When that nation did find them, however, it was not to invite them to contribute their diverse ideas and projects to the national life. It was instead to attack them again, and push them off their lands in horrific ways, to make way for a new kind of 'development': one that required the lands, resources, and labour of the Afro-Colombians, but not the Afro-Colombians themselves. As a result, the Pacific Coast has become a theatre of Colombia's war, where economic interests and their armed auxiliaries face the remarkable, determined resistance of the people and their own organizations. One of the organizations of the Afro-Colombians is called the 'Black Communities Process' (PCN).
The second week of April 2002 marks the anniversary of the Easter Week massacre of Afro-Colombians that occurred April 12, 2001. This was one of the worst massacres in Colombian history, and one that, unlike the spectacular kidnappings or assassinations by the FARC guerrillas (that are also criminal and much smaller in scale) went essentially unreported in the North American media. It's a shame that it went unreported, because it is a dramatic story that typifies paramilitary massacres in Colombia.

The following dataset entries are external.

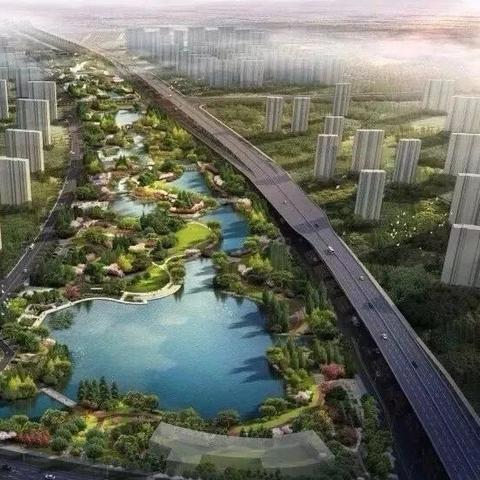 苏州市常熟市 文化局的长尾关键词有哪些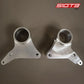 Rear Rocker Arm Left & Right - 99633326985 [Porsche 911 Gt1]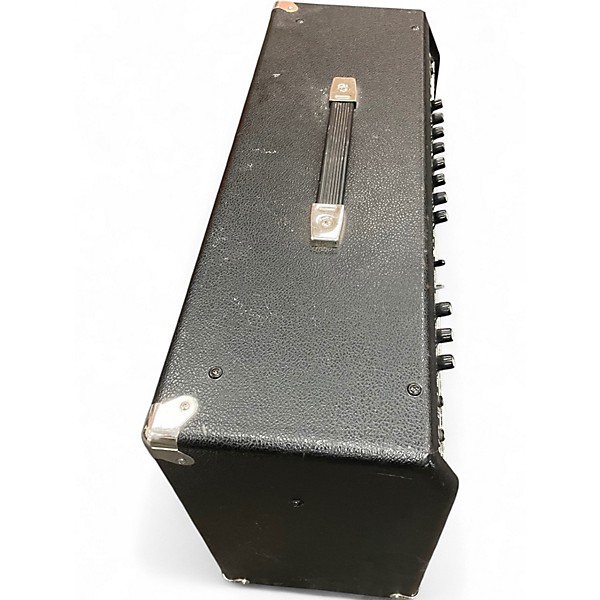 Used Fender Champion 100 Guitar Combo Amp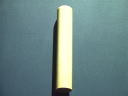 �F���10.5mm��ӂł��B���i�͈�Ԋi���ł��B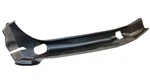 2020-2023 Lincoln Aviator Tailgate Liftgate Left Side Upper Trim Cover Panel Oem Used. Price: $54.59.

It is a story of paramilitary incursions and threats, followed by repeated warnings and pleas to the authorities who refused to respond, followed by a massacre, followed by the flight of many members of the population of the community. The one exceptional thing about this massacre-- a massacre in which no one even knows how many died, but estimates are around one hundred-- is that some of the paramilitary perpetrators were briefly arrested by the army. In fact they were not arrested. As they left the scene of the massacre by boat, they encountered a storm. They were rescued by the army. Instead of saying they'd just rescued mass murderers, the army opted to claim they'd arrested them.
Of Colombia's approximately 9 million Afro-Colombians, about 1.4 million are from the Pacific Coast regions. They are vastly disproportionate among the displaced, and the Afro-Colombians of the Pacific are hit particularly hard. The current wave of massacres is aimed at clearing the Pacific Coast of its black population, and has succeeded-- 70% of Colombia's 2.4 million displaced are Afro-Colombian. Afro-Colombians are 20-25% of the population of the country.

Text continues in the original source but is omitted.